Şiire benzemedik bir dörtlük yüzünden yattığı üç aylık hapsin demagojisiyle kafa ütülemek, iktidara gelince Terörle Mücadele Yasası’nı ve 301’inci maddeyi düşünenlerin kafasına geçirmek.

Şeriatçı Afgan liderinin dizinin dibinde oturmak, Anıtkabir’deki saygı duruşunu “sap gibi ayakta duruyorlar” diye aşağılamak.

İktidarda olsun muhalefette olsun Müslümanlığı kimseye bırakmamak, sonra da emperyalist kefereyle birlikte komşu Müslüman ülkenin üzerine çullanmak.

Ben zenci Türklerdenim” diye fakir fukara ve mazlum edebiyatı yapmak, iktidara gelince ‘zenci Türkler’in başında sermayenin vekilharcı kesilmek.

Seçimden önce, politikadaki yozlaşmaya ve yolsuzluklara tepkili halka dürüstlük propagandası yapmak, yolsuzlukla mücadele için dokunulmazlıkları kaldıracağına söz vermek, iktidara gelince sözünden caymak.

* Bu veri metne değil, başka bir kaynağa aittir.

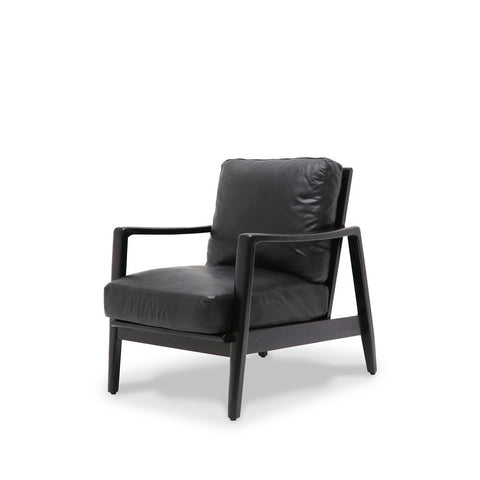 Black Leather & Black Wood Frame Reid Contemporary Elegance Sofa / Lounge Armchair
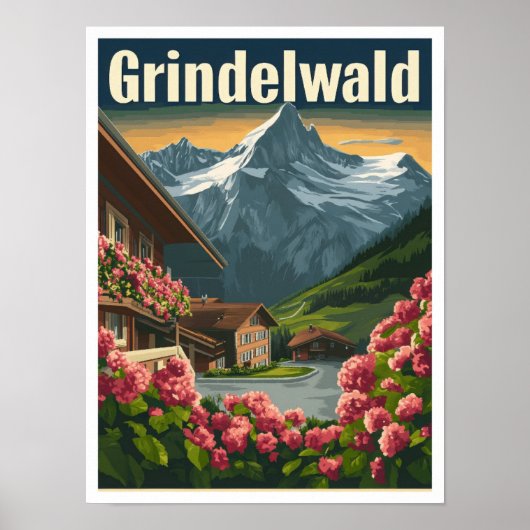 Grindelwald Zwitserland Art Vintage Travel Poster (Voorkant)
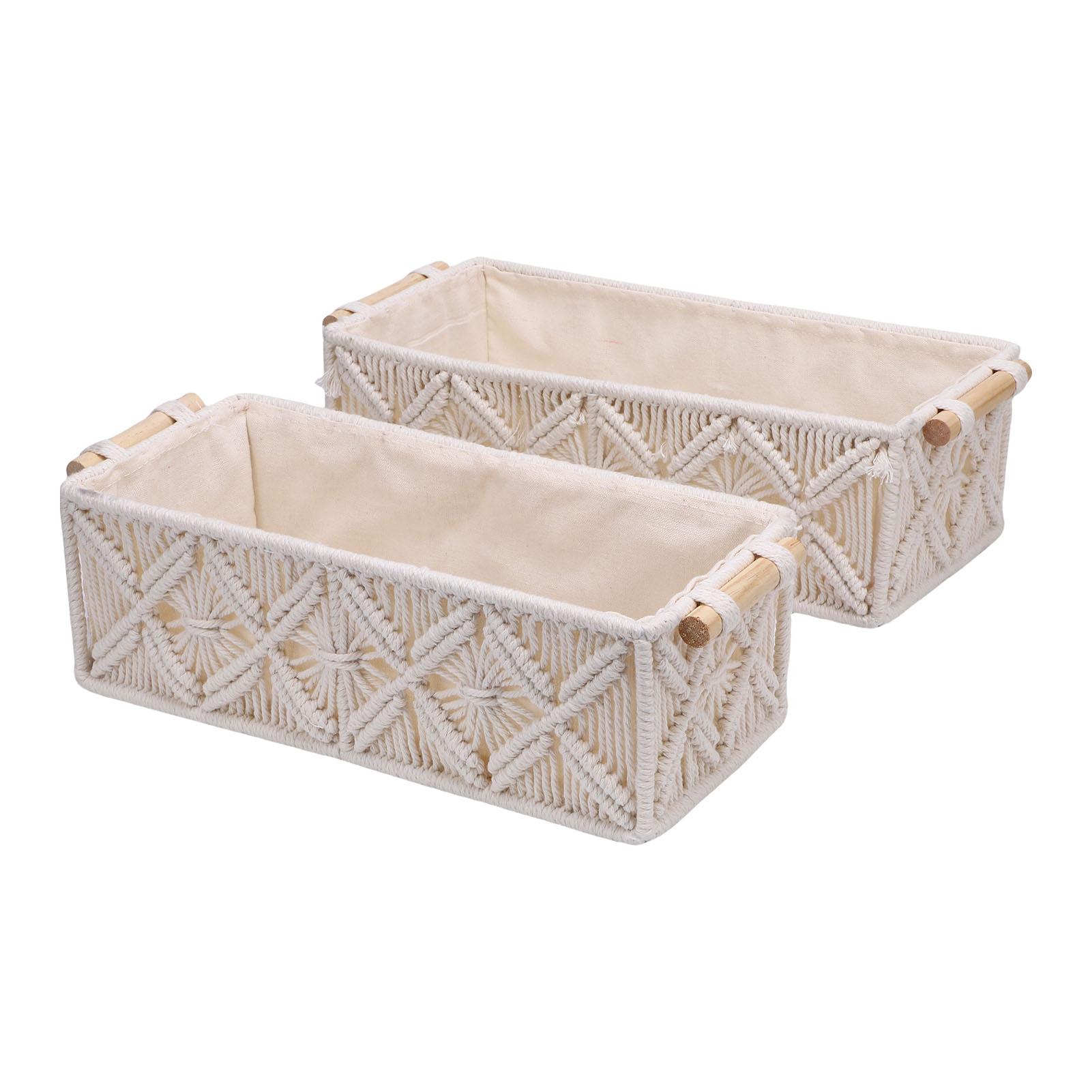 2pcs Storage Basket Bohemian Hand Woven Cotton Rope Decorative Storage Bin with Handles for Towels Toiletries Magazines 2760₽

Maaşıyla geçinemediği için ticarete devam etmek zorunda kaldığı numarasına yatmak, şeffaflık isteyenlere, iktidarda olmanın cüretiyle “densizler edepsizler” diye küfretmek.

Hangi birini saymalı?

İktidardaki böyle muhalefetteki böyle.

Asıl nasılsa vekil aynen öyle.

Burası Türkiye!

* * *

Maganda liginde şampiyonluk” haberi üzerine özetle bu hususları kaydetmiştim. Aradan 17 yıl geçmiş. O günden bugüne ne değişti? Birlikte yanıtlayalım mı?